Walk with me through the evolution of David Pizarro's colloquial name:

First there was El Pequeño. The little one. That was too long, so it became El Peq. Then, a final bastardization and the nickname was settled: El Pek*. In other words, he couldn't even get the full word for little, it had to be shortened down. Ironic or a conscious call?

Bonus fun fact about El Pek: he's retired from the Chilean national team, because he thought the organization was too unprofessional at the time, and that he'd rather spend his time off with his family. In his home town of Valparaiso, high in the hills, he's done a face lift on his old neighborhood which, judging by surrounding areas was run down and beaten up. His entire family resides there now. I went there when I was in Chile last winter (because how could a romanista possibly resist the Roma connection half way around the world?), and it's very noticeable what a role model he is. Which is understandable, particularly in the area he grew up and has helped out as best he can.
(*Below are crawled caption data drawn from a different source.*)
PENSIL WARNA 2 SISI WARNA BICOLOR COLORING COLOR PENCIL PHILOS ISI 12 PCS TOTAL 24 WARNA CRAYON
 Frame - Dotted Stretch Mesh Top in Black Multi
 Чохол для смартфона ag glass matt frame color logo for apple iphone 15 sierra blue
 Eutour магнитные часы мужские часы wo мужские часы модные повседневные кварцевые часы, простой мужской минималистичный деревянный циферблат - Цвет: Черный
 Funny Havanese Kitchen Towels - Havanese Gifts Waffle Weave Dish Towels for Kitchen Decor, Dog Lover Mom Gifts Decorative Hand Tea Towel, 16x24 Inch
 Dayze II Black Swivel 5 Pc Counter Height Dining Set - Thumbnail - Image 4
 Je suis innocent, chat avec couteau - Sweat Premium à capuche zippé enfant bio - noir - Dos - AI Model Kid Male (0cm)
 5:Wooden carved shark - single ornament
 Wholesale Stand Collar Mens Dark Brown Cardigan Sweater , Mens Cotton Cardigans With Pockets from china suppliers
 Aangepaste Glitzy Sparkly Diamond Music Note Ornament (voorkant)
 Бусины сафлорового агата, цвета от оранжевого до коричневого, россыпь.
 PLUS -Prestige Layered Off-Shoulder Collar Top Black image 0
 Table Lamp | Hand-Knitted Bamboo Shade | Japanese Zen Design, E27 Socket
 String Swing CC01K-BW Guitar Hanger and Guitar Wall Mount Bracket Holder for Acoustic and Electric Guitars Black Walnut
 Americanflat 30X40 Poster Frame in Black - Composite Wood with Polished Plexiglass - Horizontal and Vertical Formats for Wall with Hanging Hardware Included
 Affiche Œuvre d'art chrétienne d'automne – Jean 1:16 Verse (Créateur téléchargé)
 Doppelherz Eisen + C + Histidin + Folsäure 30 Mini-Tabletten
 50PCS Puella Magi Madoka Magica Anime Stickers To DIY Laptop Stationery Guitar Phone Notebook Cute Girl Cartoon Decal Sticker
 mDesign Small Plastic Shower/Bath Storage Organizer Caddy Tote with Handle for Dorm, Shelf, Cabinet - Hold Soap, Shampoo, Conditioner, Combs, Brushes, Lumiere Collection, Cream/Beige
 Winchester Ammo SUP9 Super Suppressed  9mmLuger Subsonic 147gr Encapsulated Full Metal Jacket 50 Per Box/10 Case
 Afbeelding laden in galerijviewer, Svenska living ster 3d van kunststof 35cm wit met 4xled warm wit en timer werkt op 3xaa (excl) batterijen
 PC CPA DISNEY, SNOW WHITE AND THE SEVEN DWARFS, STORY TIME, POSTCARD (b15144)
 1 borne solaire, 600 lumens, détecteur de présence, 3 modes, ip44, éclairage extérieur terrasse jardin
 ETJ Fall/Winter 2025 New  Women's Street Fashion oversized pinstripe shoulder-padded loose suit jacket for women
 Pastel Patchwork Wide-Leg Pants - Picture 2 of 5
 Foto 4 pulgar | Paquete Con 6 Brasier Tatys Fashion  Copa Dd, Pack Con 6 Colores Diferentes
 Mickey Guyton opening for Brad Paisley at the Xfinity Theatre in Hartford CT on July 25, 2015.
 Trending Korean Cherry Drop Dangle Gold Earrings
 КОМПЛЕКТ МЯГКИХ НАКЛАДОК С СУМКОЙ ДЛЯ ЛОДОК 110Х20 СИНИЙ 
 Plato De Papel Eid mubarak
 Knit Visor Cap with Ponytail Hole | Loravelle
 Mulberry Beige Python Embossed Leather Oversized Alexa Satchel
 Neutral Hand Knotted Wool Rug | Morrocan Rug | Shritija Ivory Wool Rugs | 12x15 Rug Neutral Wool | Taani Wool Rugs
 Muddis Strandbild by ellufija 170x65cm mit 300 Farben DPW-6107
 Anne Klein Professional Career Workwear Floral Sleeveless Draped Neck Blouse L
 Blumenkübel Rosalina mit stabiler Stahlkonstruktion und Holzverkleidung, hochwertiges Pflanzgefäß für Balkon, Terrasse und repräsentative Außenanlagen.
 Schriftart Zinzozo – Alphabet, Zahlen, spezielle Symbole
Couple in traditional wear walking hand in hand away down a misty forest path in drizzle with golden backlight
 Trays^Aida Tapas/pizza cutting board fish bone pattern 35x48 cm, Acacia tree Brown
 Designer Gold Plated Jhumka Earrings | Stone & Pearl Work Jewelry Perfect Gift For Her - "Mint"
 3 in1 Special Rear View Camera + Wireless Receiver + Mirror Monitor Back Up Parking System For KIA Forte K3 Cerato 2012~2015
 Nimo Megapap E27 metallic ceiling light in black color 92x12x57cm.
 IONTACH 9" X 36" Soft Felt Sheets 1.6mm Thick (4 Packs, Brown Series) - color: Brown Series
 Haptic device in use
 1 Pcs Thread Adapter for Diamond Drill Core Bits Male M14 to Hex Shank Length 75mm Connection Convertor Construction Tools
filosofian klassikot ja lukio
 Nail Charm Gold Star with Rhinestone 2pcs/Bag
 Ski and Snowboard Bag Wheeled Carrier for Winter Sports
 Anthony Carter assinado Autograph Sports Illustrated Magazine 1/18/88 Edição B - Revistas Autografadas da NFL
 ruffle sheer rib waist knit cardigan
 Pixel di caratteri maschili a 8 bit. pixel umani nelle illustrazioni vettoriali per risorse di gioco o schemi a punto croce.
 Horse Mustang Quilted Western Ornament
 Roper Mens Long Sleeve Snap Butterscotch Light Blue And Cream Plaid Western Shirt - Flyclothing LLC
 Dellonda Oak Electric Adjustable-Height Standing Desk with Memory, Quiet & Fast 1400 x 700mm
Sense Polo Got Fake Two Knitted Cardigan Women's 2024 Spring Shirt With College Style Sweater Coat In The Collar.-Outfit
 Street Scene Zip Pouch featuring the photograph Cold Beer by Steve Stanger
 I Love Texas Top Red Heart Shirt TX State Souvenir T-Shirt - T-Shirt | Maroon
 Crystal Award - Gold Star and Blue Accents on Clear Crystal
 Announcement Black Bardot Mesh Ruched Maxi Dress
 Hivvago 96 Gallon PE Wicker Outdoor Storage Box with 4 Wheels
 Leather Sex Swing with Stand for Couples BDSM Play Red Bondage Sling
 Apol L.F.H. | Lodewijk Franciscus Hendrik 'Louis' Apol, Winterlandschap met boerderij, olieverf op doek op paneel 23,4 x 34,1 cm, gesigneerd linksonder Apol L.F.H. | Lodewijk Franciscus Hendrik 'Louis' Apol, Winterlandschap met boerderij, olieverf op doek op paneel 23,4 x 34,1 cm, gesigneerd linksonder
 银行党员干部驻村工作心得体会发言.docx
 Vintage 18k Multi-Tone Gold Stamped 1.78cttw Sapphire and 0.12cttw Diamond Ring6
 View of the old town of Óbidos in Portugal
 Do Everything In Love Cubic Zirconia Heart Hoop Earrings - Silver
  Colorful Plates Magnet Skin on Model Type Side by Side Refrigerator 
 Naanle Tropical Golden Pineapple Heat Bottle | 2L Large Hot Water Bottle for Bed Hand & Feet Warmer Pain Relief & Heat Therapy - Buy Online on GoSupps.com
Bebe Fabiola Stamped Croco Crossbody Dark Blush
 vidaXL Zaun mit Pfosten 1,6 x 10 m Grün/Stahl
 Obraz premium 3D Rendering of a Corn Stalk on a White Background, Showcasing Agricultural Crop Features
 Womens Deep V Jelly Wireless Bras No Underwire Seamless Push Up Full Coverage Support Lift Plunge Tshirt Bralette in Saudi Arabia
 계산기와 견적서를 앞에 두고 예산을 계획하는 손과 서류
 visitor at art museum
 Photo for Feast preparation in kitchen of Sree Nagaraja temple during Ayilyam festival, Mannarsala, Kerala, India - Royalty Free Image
Also, on the way back from the cultural enlightening experience that was Pizarro's home, heading towards a less culturally refined experience (a visit at the house of Pablo Neruda), my little eye spied a replica of la lupa capitolina, sitting high on a pedestal in the center of town. What the what? At first I thought I was seeing things, thing no one else did; nostalgia induced by the Roma related visit. After all, what are the odds you'd run into the symbol of Rome there of all places? I never did get an answer to that, my enthusiastic inquires were met with shoulder shrugging in the context of 'oh that old thing? Who knows'.

*I will not even entertain the notion of the downright lazy Piza, or its related car crash of a nickname: Pizza. Get it, as in the food that's a staple of a balanced and healthy diet? Yeah, it's horrible.